(Pictures with short captions)

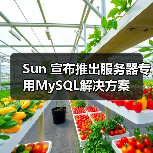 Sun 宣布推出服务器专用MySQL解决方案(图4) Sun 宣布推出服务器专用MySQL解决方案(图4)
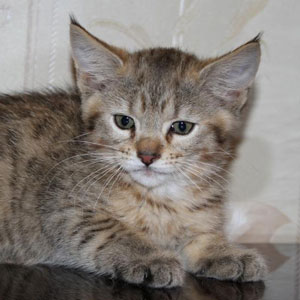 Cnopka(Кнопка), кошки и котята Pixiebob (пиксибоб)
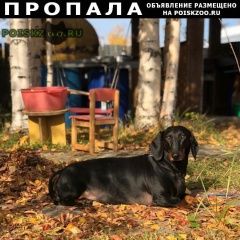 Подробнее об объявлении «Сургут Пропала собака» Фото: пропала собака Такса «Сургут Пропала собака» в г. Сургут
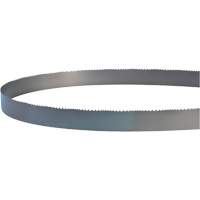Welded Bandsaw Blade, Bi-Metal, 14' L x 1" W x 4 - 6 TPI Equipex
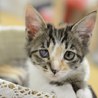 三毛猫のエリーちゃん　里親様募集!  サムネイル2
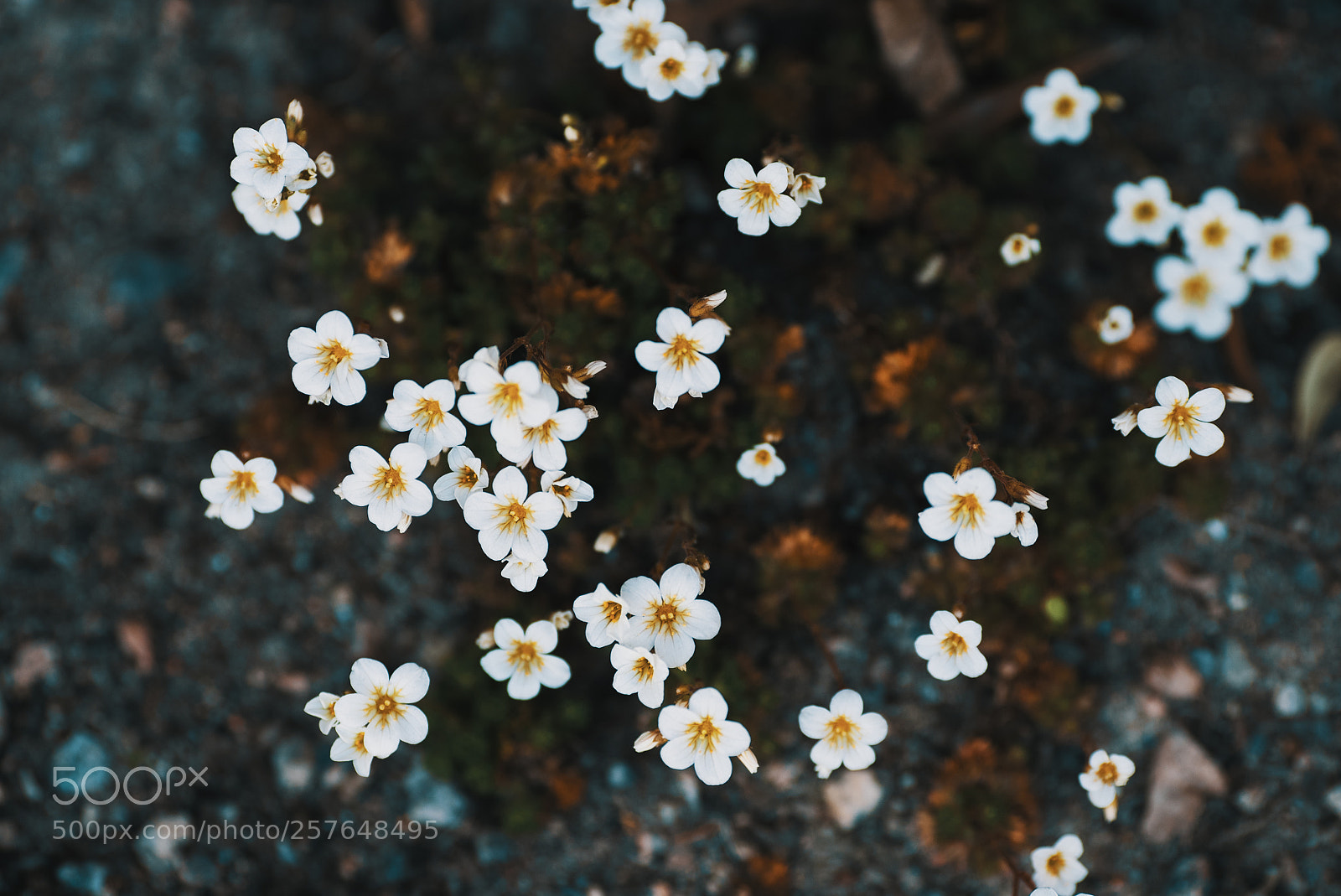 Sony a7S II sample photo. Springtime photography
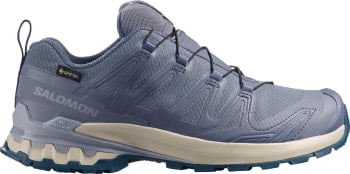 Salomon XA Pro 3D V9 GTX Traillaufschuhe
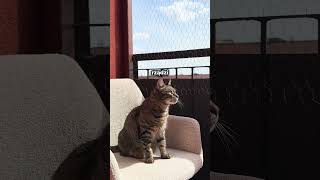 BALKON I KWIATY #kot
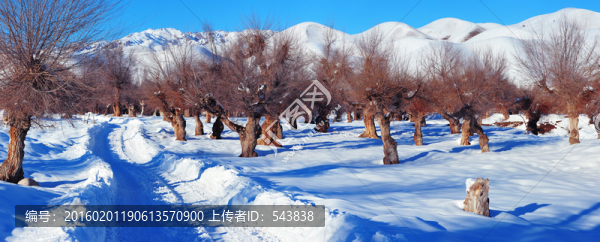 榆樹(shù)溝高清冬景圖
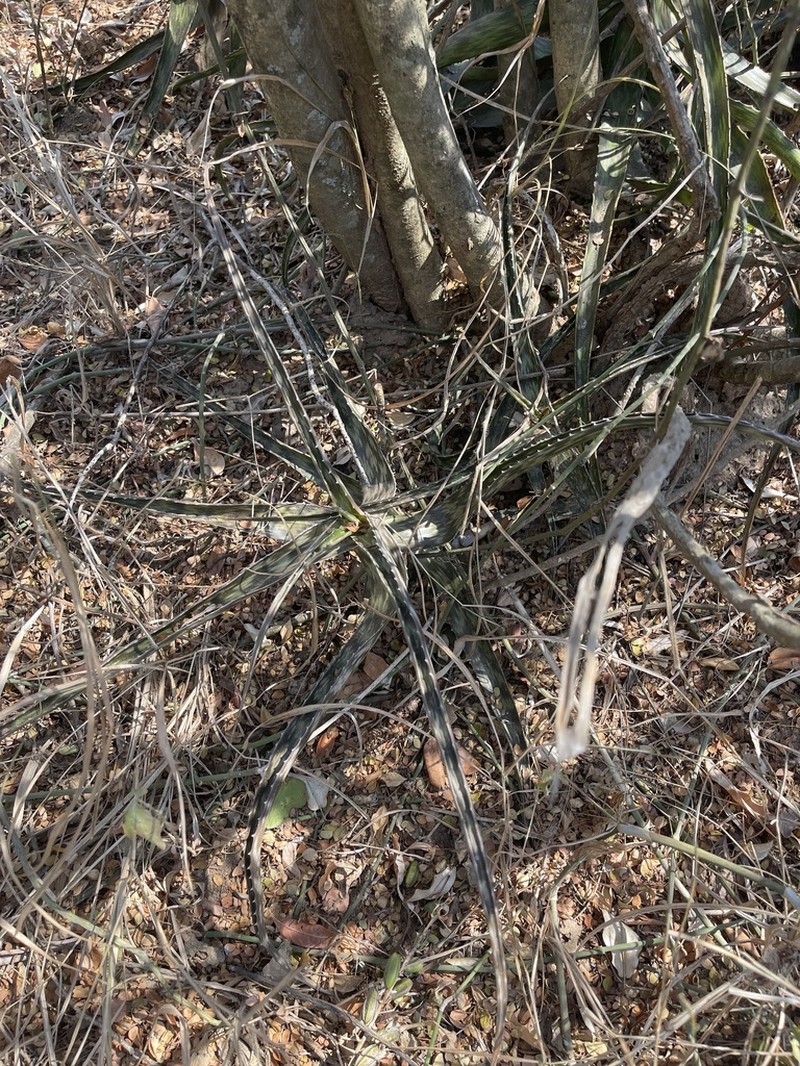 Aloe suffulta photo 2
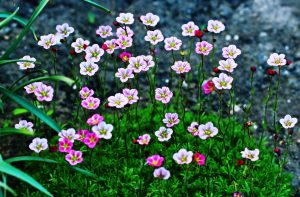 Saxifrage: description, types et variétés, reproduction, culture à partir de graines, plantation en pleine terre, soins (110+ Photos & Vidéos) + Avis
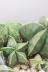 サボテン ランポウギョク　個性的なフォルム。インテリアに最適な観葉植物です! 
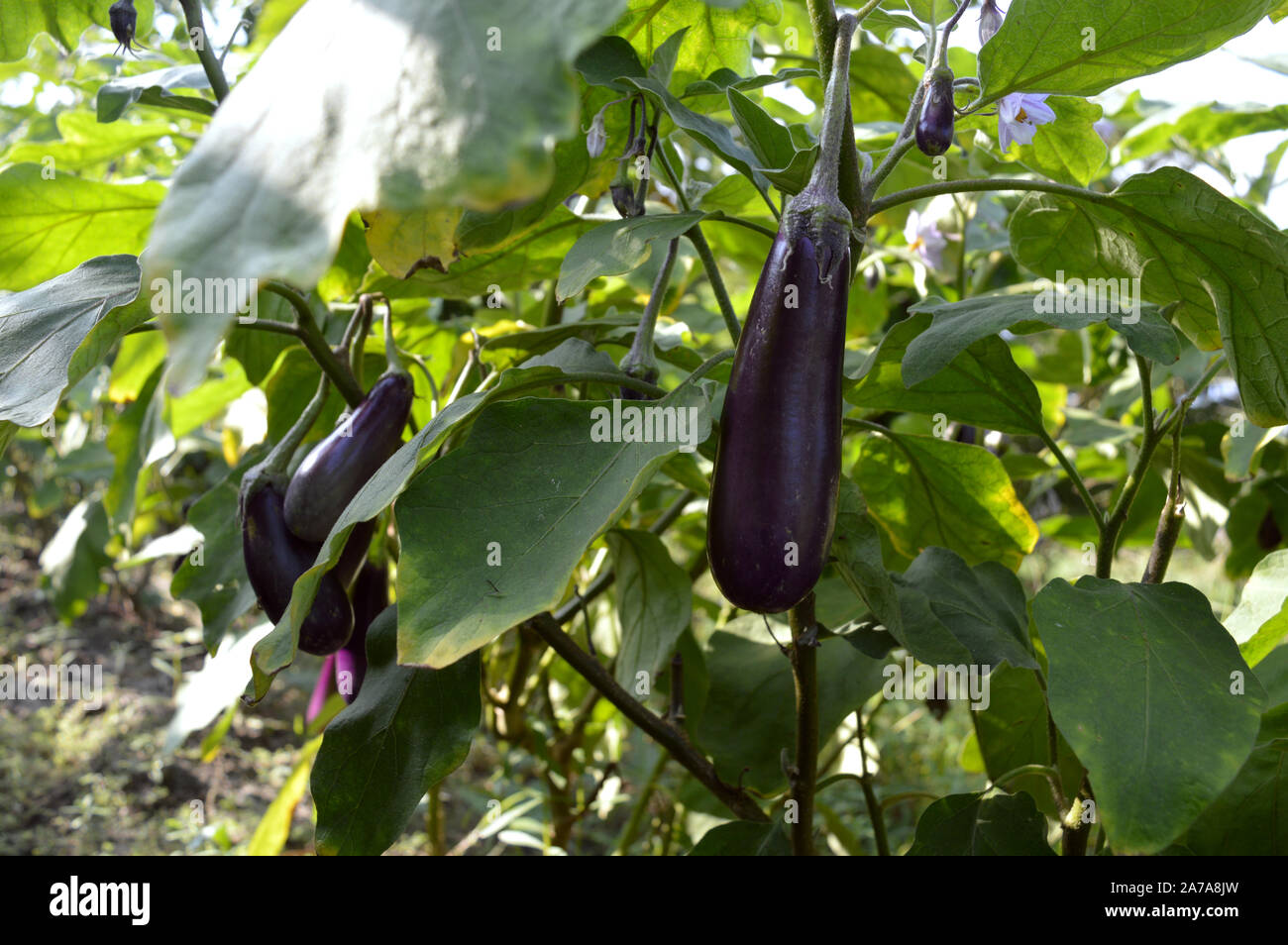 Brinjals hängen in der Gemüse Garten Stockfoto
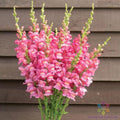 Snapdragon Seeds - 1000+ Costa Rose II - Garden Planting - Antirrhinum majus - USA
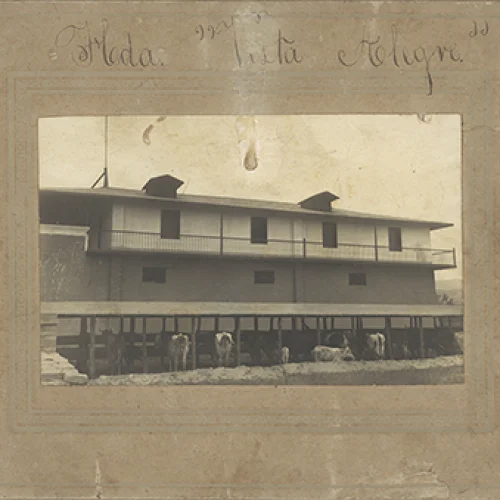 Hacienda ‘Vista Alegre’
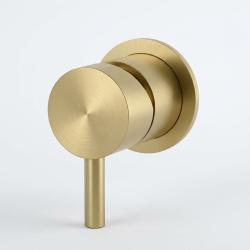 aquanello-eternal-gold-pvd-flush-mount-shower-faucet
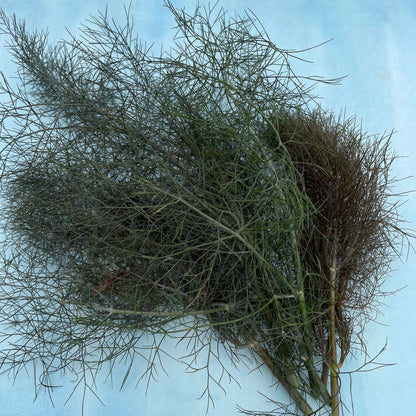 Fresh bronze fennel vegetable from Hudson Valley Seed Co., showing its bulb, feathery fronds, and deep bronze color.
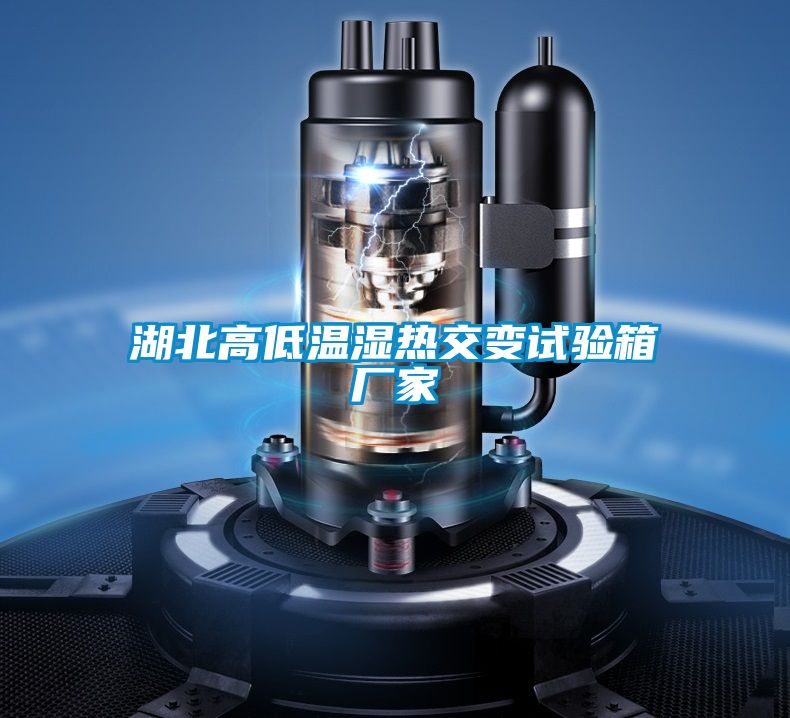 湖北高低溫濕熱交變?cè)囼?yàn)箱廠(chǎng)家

- [Directions for this task]:
Retype each entry above character for character; pictures stay out.

- [Written answer]:
 Sun 宣布推出服务器专用MySQL解决方案(图4) Sun 宣布推出服务器专用MySQL解决方案(图4)
 Cnopka(Кнопка), кошки и котята Pixiebob (пиксибоб)
 Подробнее об объявлении «Сургут Пропала собака» Фото: пропала собака Такса «Сургут Пропала собака» в г. Сургут
Welded Bandsaw Blade, Bi-Metal, 14' L x 1" W x 4 - 6 TPI Equipex
 三毛猫のエリーちゃん　里親様募集!  サムネイル2
 Sony a7S II sample photo. Springtime photography
 Salomon XA Pro 3D V9 GTX Traillaufschuhe
 BALKON I KWIATY #kot
 榆樹(shù)溝高清冬景圖
 Aloe suffulta photo 2
 Saxifrage: description, types et variétés, reproduction, culture à partir de graines, plantation en pleine terre, soins (110+ Photos & Vidéos) + Avis
 サボテン ランポウギョク　個性的なフォルム。インテリアに最適な観葉植物です! 
 Brinjals hängen in der Gemüse Garten Stockfoto
 Snapdragon Seeds - 1000+ Costa Rose II - Garden Planting - Antirrhinum majus - USA
 Hacienda ‘Vista Alegre’
 aquanello-eternal-gold-pvd-flush-mount-shower-faucet
 Fresh bronze fennel vegetable from Hudson Valley Seed Co., showing its bulb, feathery fronds, and deep bronze color.
 湖北高低溫濕熱交變?cè)囼?yàn)箱廠(chǎng)家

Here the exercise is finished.